There’s a skill in planning successful conferences. Last week, I sat down with two experienced event planners – Kate Whitehair and Tamsin Stanley at Zing – to brainstorm some helpful tips and considerations at each stage of the event planning process. (This is the first of four posts. Click here to see all.)
Stage One: Pre-Planning
1. Articulate clearly the purpose or objective of the event. Think about what you want the event to accomplish. Consider how the event might support or bring to life the organisation’s vision, mission or values into the event. Also, does this event fit into other initiatives, or is parallel or complementary? If so, how should they be linked together?
2. Make the overall take-home message ‘do-able’ and aspirational. What do you want the individual participant to remember, to consider in terms of their involvement and ‘fit’ within the organisation, and most of all, to do exactly?
3. Consider an appropriate time to hold the event.
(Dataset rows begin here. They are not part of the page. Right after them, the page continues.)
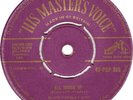 Elvis Presley - All Shook Up - Used Vinyl Record 7 - U1202A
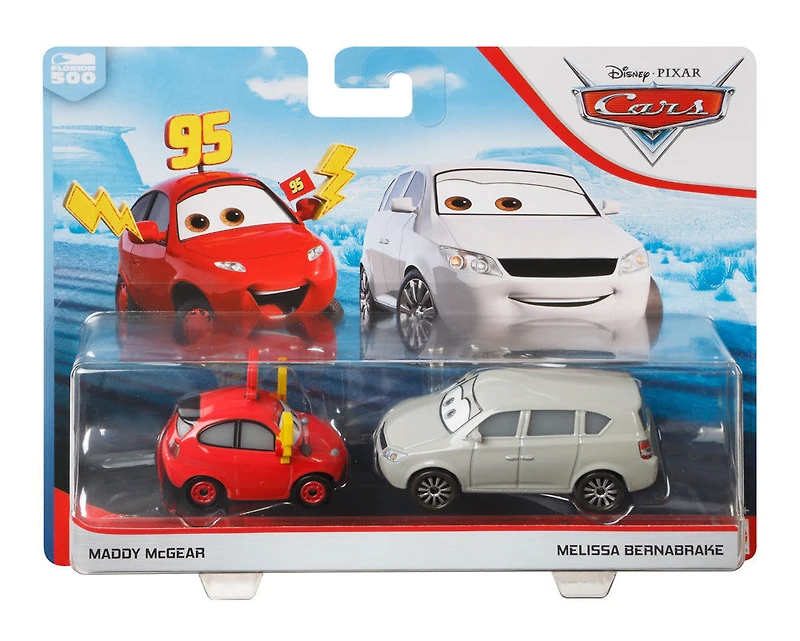 Disney/Pixar - Les Bagnoles - Coffret de 2 - Maddy McGear et Melissa Bernabrake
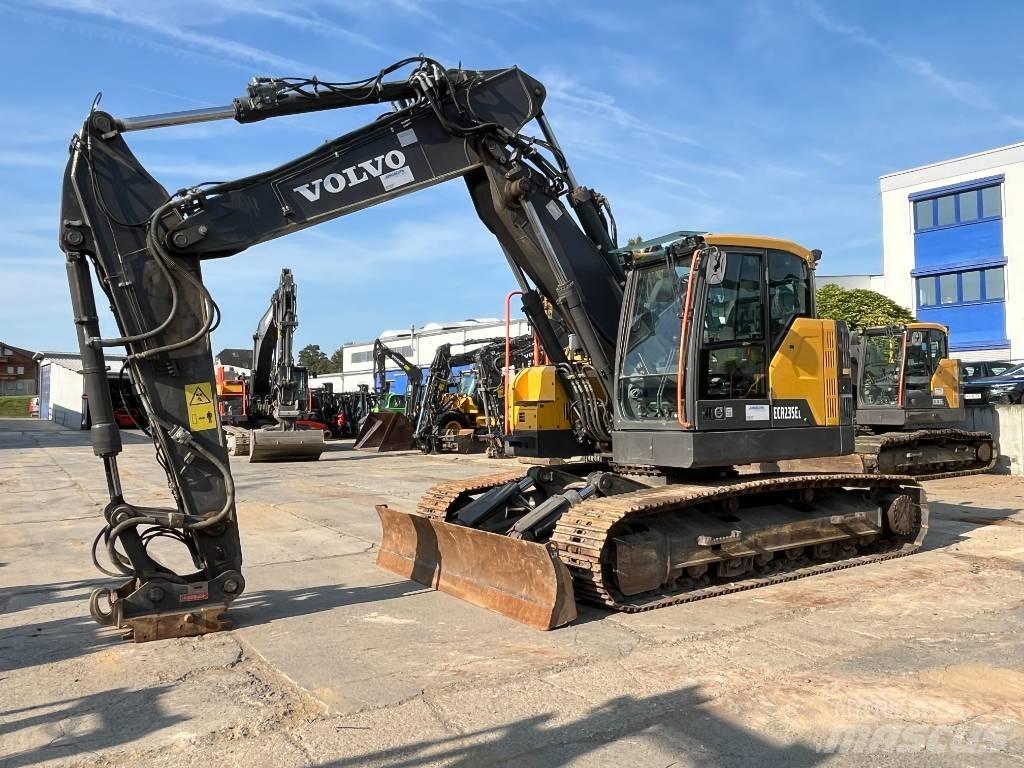 Volvo ECR235EL Rupsgraafmachines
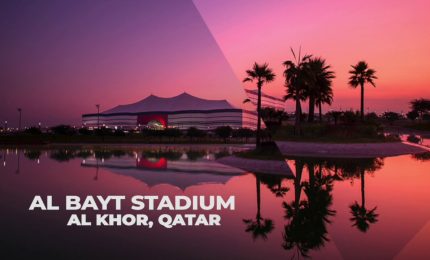 Mondiali, in Qatar Webuild firma lo stadio Al Bayt e la metro di Doha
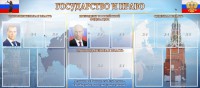 Стенд "Государство и право" - fgospostavki.ru - Нижний Новгород
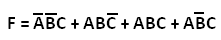 Algebre de boole, fonction logique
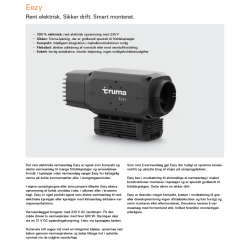 Varmeanl&aelig;g "Truma Eezy" 230V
Link the date of the event with the objective. Have a reasonable amount of time between the event and when a business outcome can be delivered. Participants needs to have time and resources to be productive and successful.
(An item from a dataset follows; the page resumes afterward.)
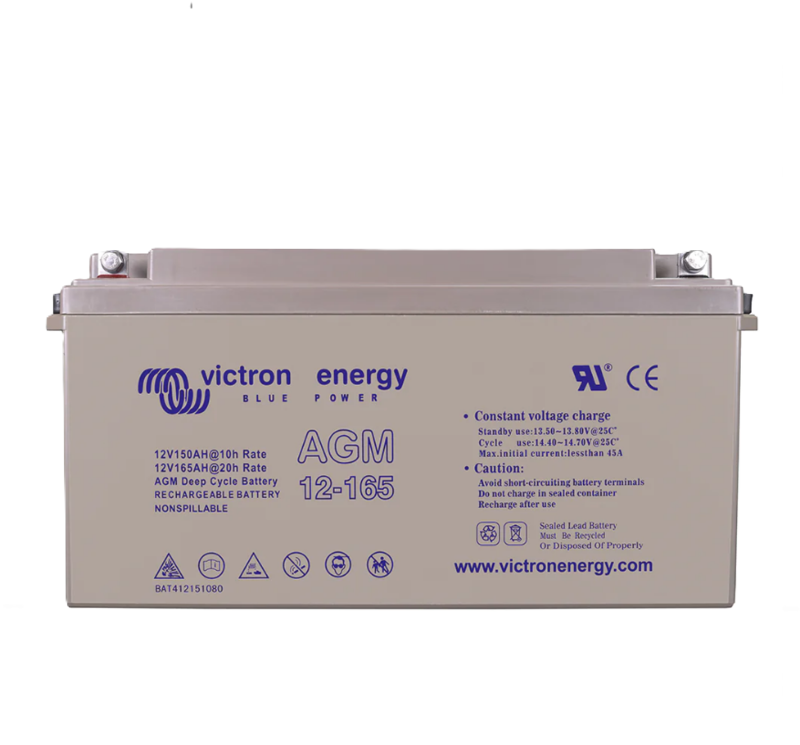 AGM 12V Deep Cycle Battery - Victron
4. Make sure you have enough time to produce a worthy event. Yes, you need adequate planning time (usually 3-6 months). At the same time, plan enough time after the event to allow attendees to effectively produce the desired outcomes asked of them.
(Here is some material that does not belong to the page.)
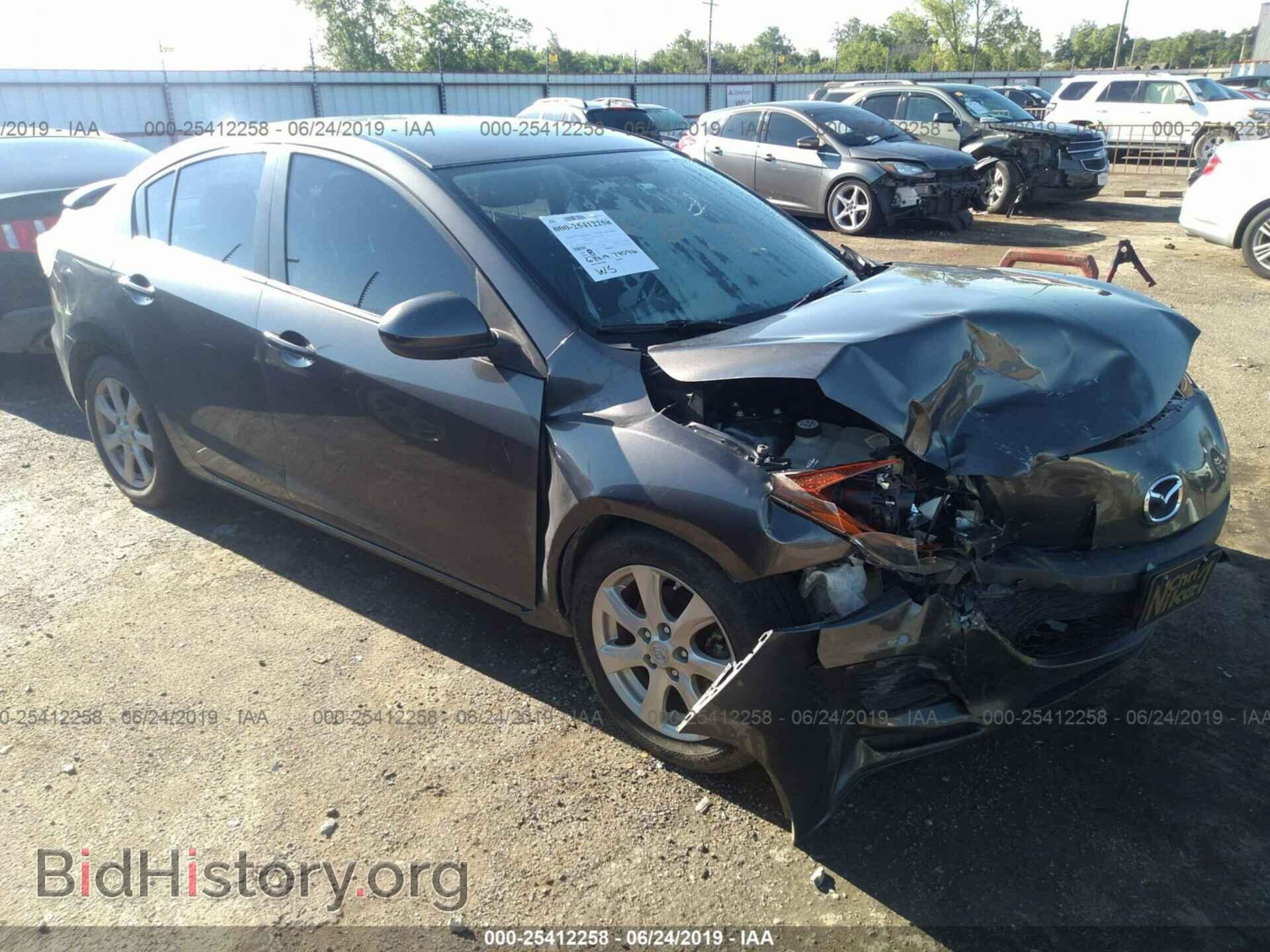 Photo JM1BL1VF9B1409453 - MAZDA 3 2011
5. Get the right internal team together from the start. Start with all relevant people, then organise them into their type of input or decision level. For example, ‘Grade A’ people help make key decisions; e.g., the president for vision and direction, human resources for training and performance. ‘Grade B’ people might be involved only for specific decisions; e.g., Security for decisions about location, or IT for technology issues. Grade C are people who are good to keep in the loop; e.g., global or regional teams, other departments or units.
6. Budget appropriately. The ideal way to budget: get estimated quotes and build a budget, not set an amount and work from there. But, if you do the latter, get professional, neutral and free advice on the best way to spend a budget. Then, be a good person and reward those consultants who give you the best free advice.
7. Think outside this event. Internally: What events happened previously? Past successes or disasters? Past creative themes? Any business events which might influence messages, such as a recent merger or simmering public issue? Externally: Snoop around to see what the competition is doing. Not always possible, but you do not want to be surprised on the eve of your event when a bit of surfing would have unearthed some clues.